--- Source material Enclosed Below ---

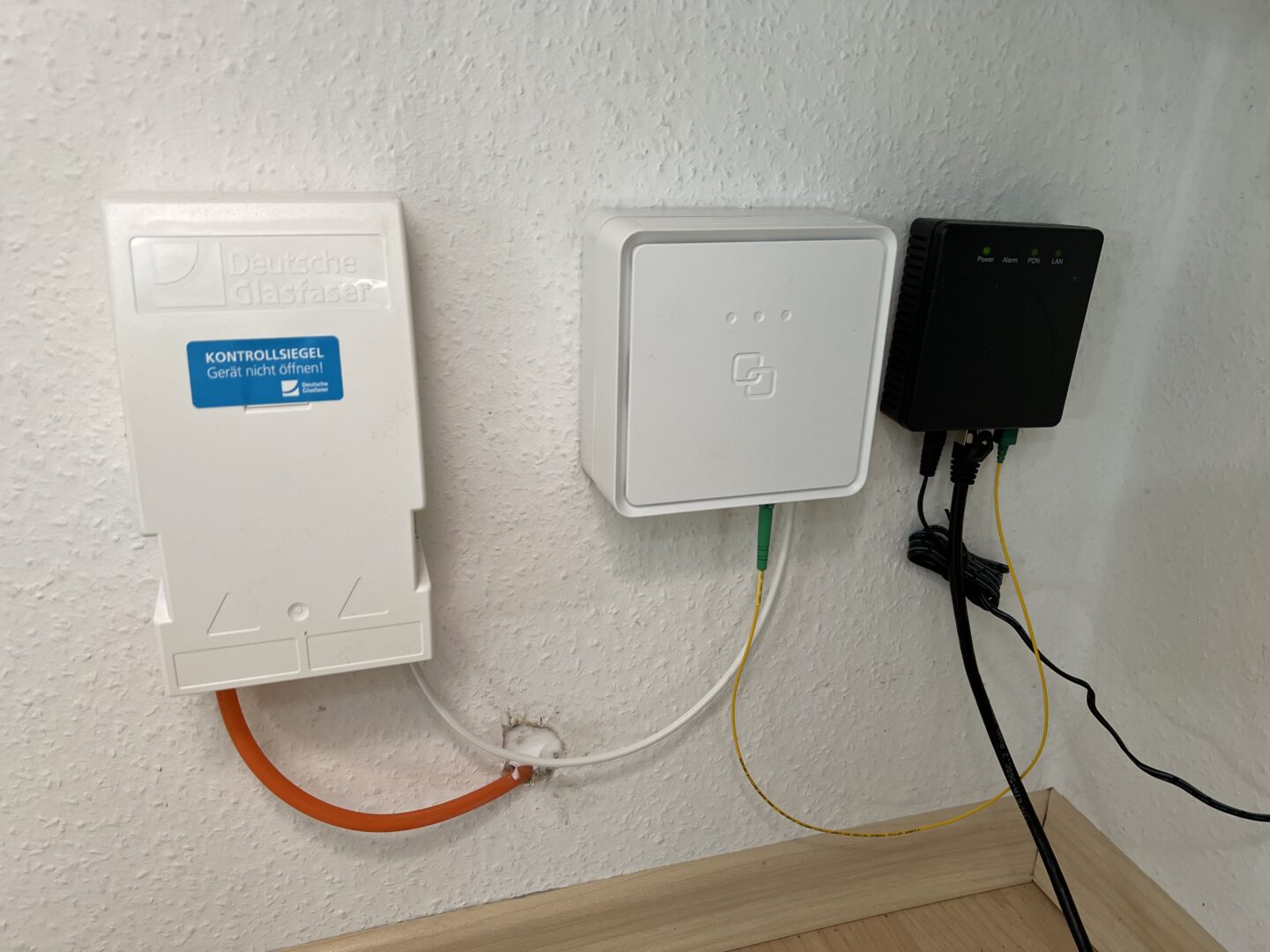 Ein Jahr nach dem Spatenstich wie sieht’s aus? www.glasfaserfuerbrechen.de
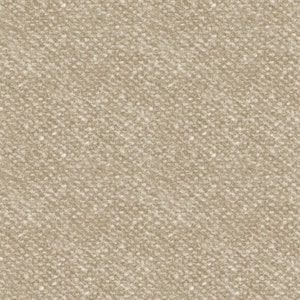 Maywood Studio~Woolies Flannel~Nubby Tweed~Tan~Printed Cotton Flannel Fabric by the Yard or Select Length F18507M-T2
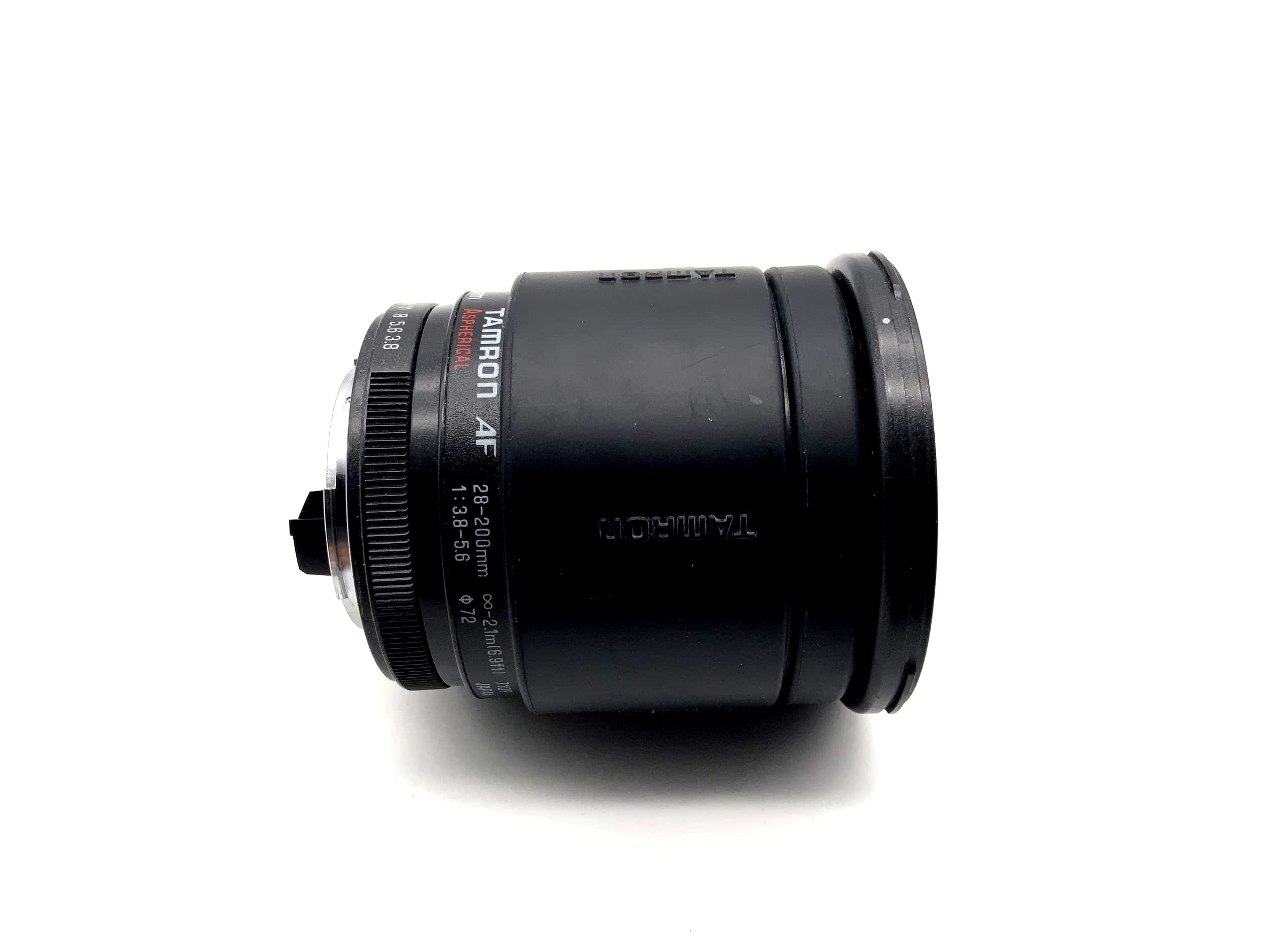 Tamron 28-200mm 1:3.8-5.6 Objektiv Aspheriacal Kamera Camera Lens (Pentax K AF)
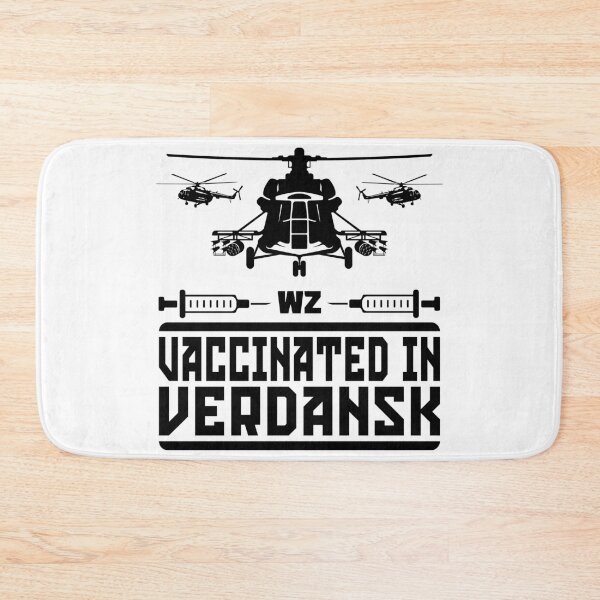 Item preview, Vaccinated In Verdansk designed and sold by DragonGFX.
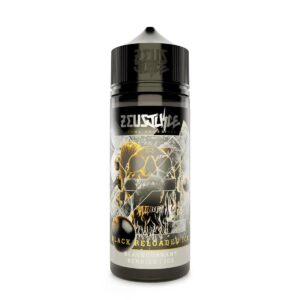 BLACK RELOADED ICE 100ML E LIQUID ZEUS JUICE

--- End of Enclosed Source material ---

**What to produce:** Word for word, repeat each record above; leave out every picture.

**Response to this exercise:**
 Ein Jahr nach dem Spatenstich wie sieht’s aus? www.glasfaserfuerbrechen.de
 Maywood Studio~Woolies Flannel~Nubby Tweed~Tan~Printed Cotton Flannel Fabric by the Yard or Select Length F18507M-T2
 Tamron 28-200mm 1:3.8-5.6 Objektiv Aspheriacal Kamera Camera Lens (Pentax K AF)
 Item preview, Vaccinated In Verdansk designed and sold by DragonGFX.
 BLACK RELOADED ICE 100ML E LIQUID ZEUS JUICE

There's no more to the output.